Goodbye Mr Socialism: A review (2008)

Published  by Serpents Tail and reviewed for 3ammazaine.com at www.3ammagazine.com.3am/good-riddance-lenin/

Goodbye Mr Socialism takes the form of an extended interview with Toni Negri — some 230  pages — broken up into thematic chapters though the separations are suitably flexible, that most ambiguous of words, whose ambiguity is itself a theme. They were made in 2006 when Negri was 73 years old, and had not appeared in English until now. I’ve been interviewed myself recently for the first time, and with an engaged interviewer with no axe of their own to grind, it was a good experience. It’s obviously freer than what’s required in a work where you have to be as constantly coherent as possible, and in which references must be efficiently tagged. At the same time the important questions and contradictions that you’ve been thinking over for years perhaps, but which at the time of the interview have a more immediate relevance, can be made sense with the possibility of qualifying and sharpening as one goes along.

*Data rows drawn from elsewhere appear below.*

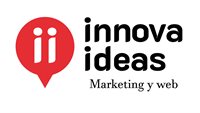 INNOVA IDEAS SAS INNOVA IDEAS SAS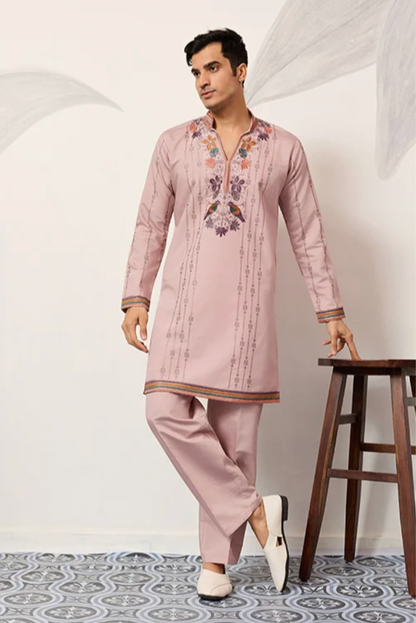 Saubhagya - 6 Designs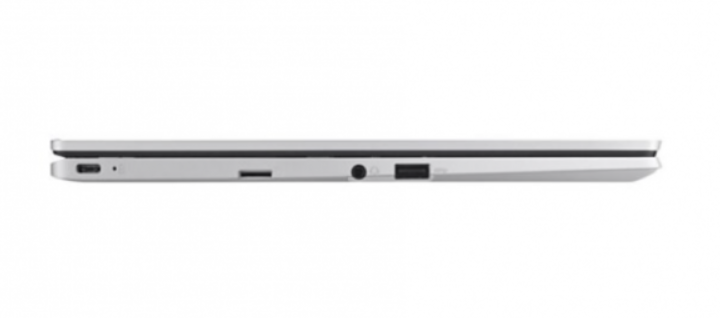 Asus Chromebook CX1 - CX1400CKA-DB44 - 4GB/64GB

Toni Negri has been an important, sympathetic intelligence for most of my adult life. He has also shown a great courage over that time. In the 1960s and early 70s he was acclaimed as a wide-ranging academic in the academic world. By 1979 he was accused of being “morally responsible” for the violence of the Red Brigades, a highly infiltrated Bolshevik style urban guerrilla group with whom he would have little in common. His crime, which he repeats in this book, to say that resistance to state and capitalist oppression might involve violence, and that this was justified. This lead to many years of exile in France and imprisonment in Italy.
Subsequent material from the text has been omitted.